2019年にカメラで撮影された内部が以下だが、遠隔操作でテレスコの行く先には、これが待っている。
24mSv超なら取り出さない?
そのテレスコの先に「グリッパ」なるタイトル写真で示した治具を先端につけて、8〜10月を目処に3グラム以下のデブリを試験的に取り出すと東電が発表したのは7月25日。中長期ロードマップ会見の場だ。
デブリから20センチ離れたところで測定を行ない、24mSv以下なら、取り出すが、24mSv超なら、なんと原子炉に戻すのだという。
「24mSvの根拠は何か?」という記者質問には「被ばく線量から算出した」という回答があった。しかし、それでは意味が分からない。
そこで、「最大どれくらいが取れてしまうと想定しているのか。

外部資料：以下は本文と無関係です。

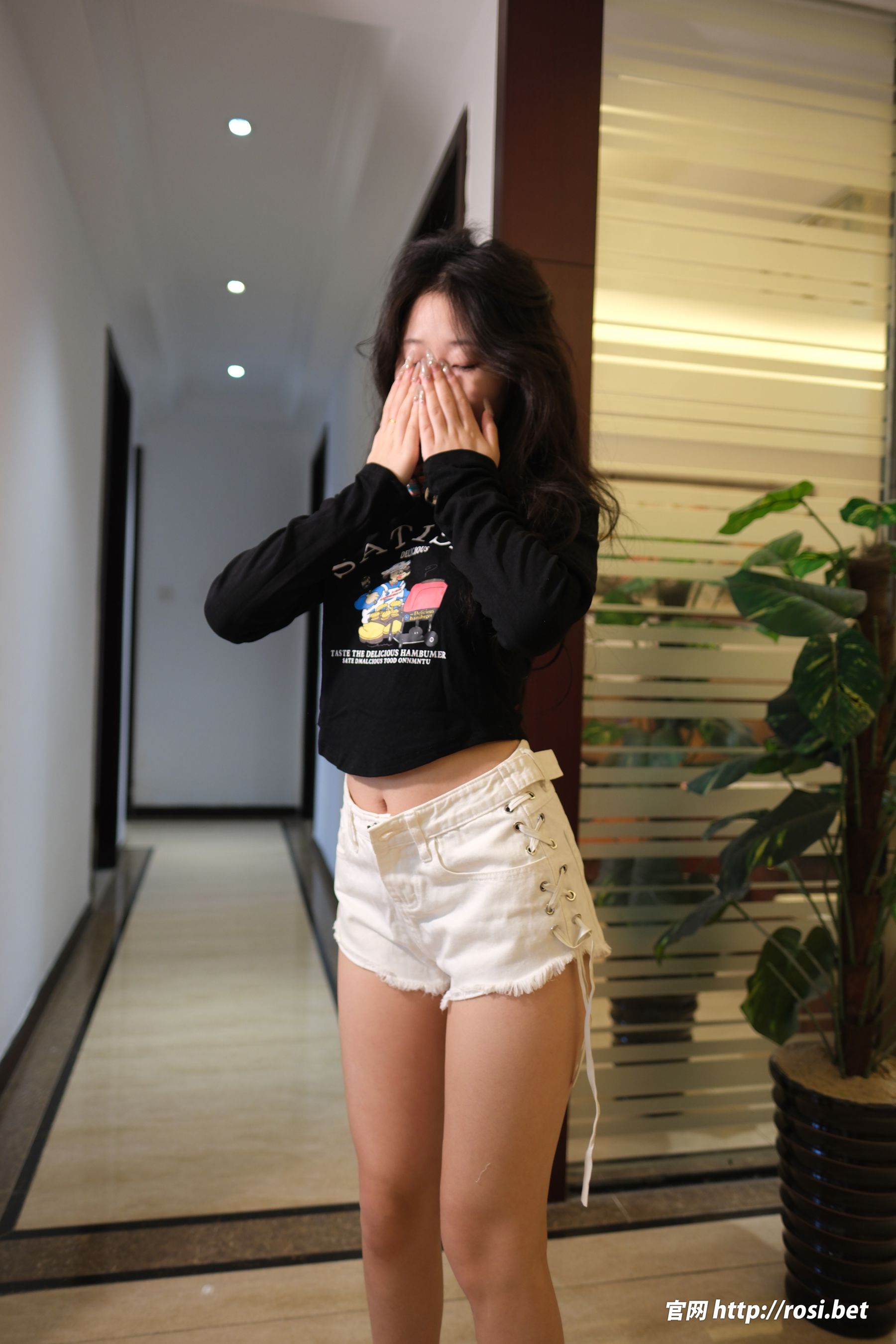 [ROSI写真] 2025.10.30 NO.5078/(104P)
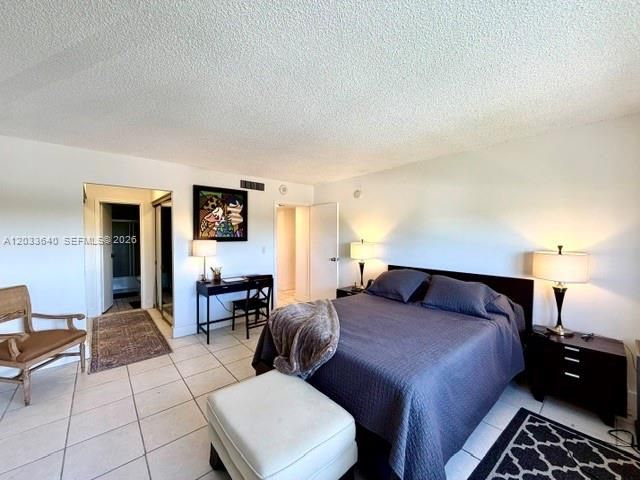 En Venta: $295,000 (2 camas, 2 baños, 1190 Pies cuadrados)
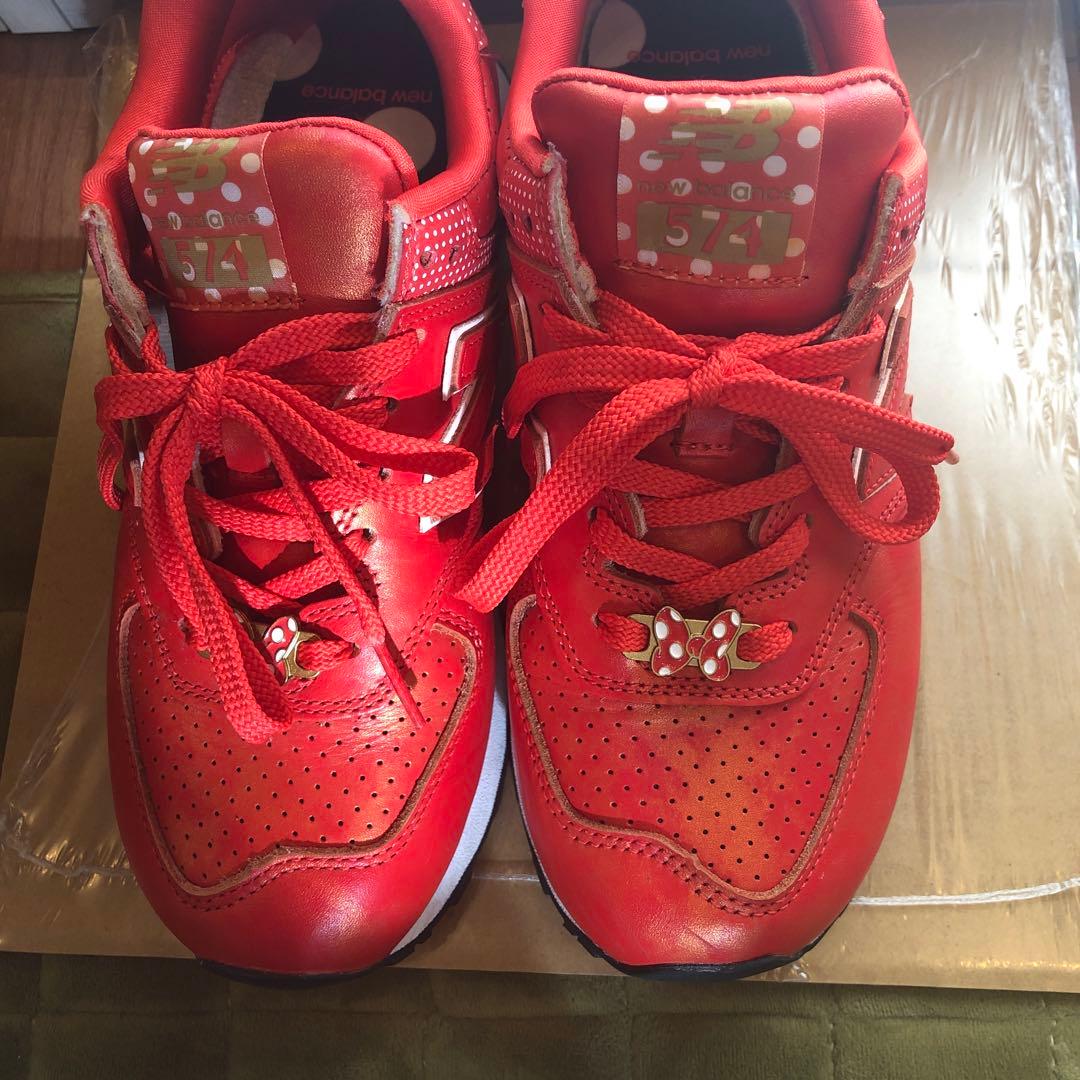 new balance 赤 スニーカー ディズニー コラボ ミニーちゃんモデル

24mSv以下でなければ取り出さないのは、被ばく防護以外に何か理由があるか」と聞いてみた。
東電広報の回答は「3gなのでそれぐらいになると考えてはいるが、どれくらいになるかは正直、把握できない」という。
取り出したら茨城のJAEAに?
測定の結果、線量が取り出せるレベルなら、容器に入れた後、人手でビニール袋で養生し、もう一つの容器に入れ、台車に乗せてゴロゴロとグローブボックスに運び入れる。
たった3gを取り扱うグローブボックスだが、写真を見るとやけに手を突っ込む穴が多い。念のために会見後に「どうしてこんなに沢山の穴が?」と尋ねるも、穴が多いのは「どの角度からでも取り扱うことができるように」だという。

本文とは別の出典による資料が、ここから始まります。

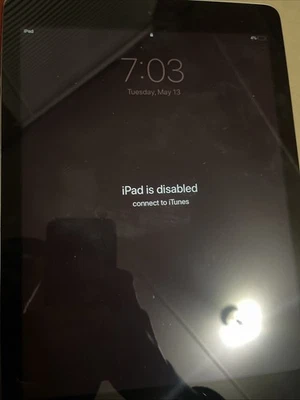 Apple iPad Air 1st Generation Tablet 64GB, Cellular, No SIM Card Silver - Image 1 of 3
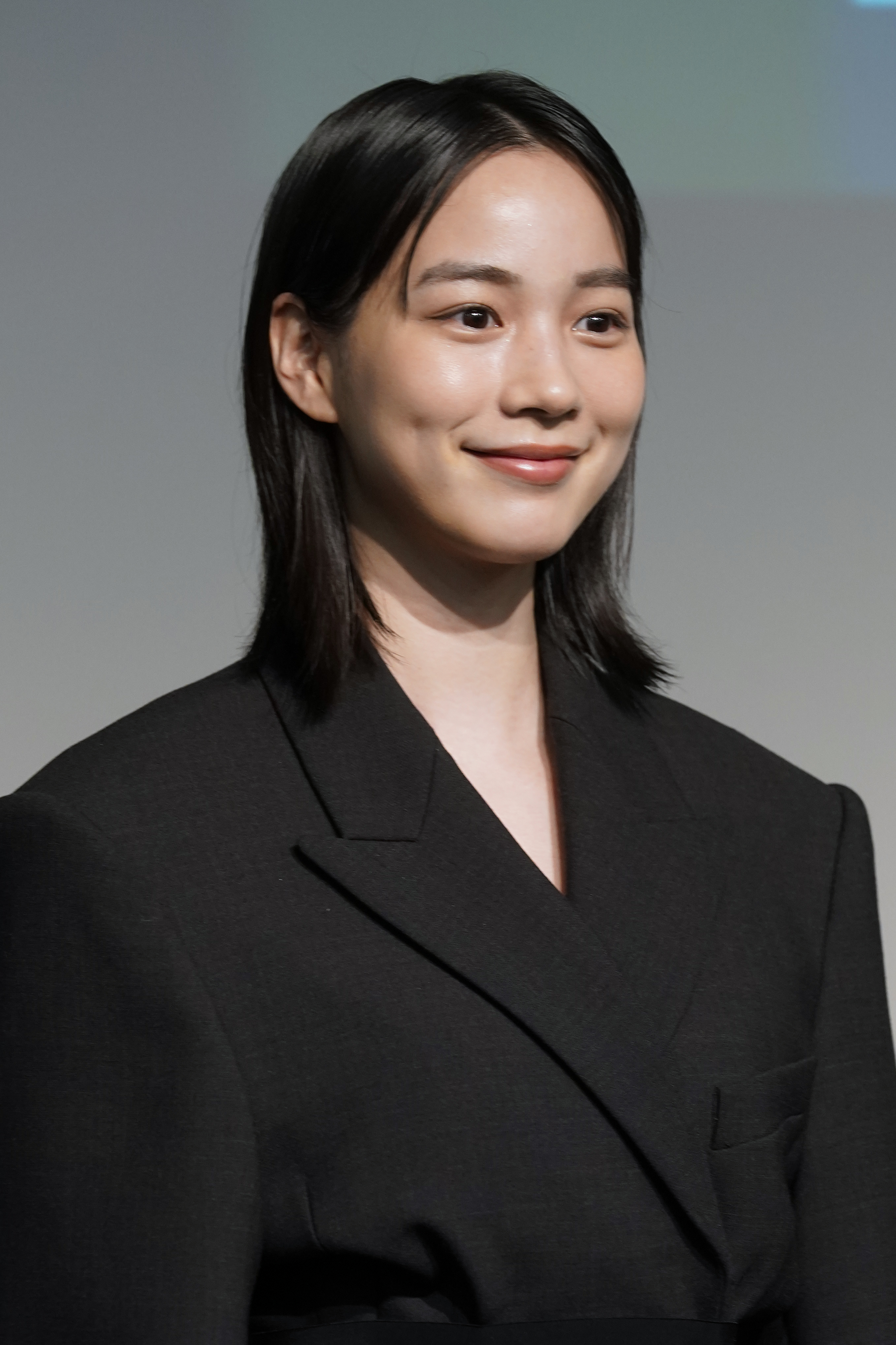 のん「不思議な重ね着」に反響→「清志郎っぽい」「のんちゃんに見えん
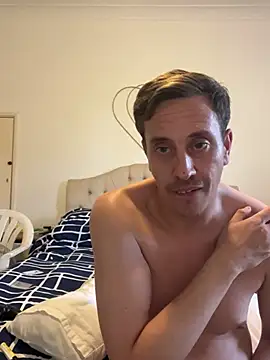 malcolm2334 online show from July 6, 2026, 6:43 pm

「測定した後はどこへ運ぶのか」については茨城にある日本原子力研究開発機構(JAEA)に運ぶというので、高濃度のデブリを運搬するための申請手続を尋ねると「まだわからない、これからのことだ」という回答が後日あった。
果たして、3g以下の試験的取り出しはできるのか?内部はケタ違いの650Sv想定だ。思惑通り24mSv以下で3g以下を取り出せたとして、この調子では880トンの取り出しには何年かかるのか。
【タイトル写真】
福島第一原発2号炉から3グラム以下の燃料デブリをつかむ予定の「グリッパ」(2024年7月25日 東京電力ホールディングス株式会社提供)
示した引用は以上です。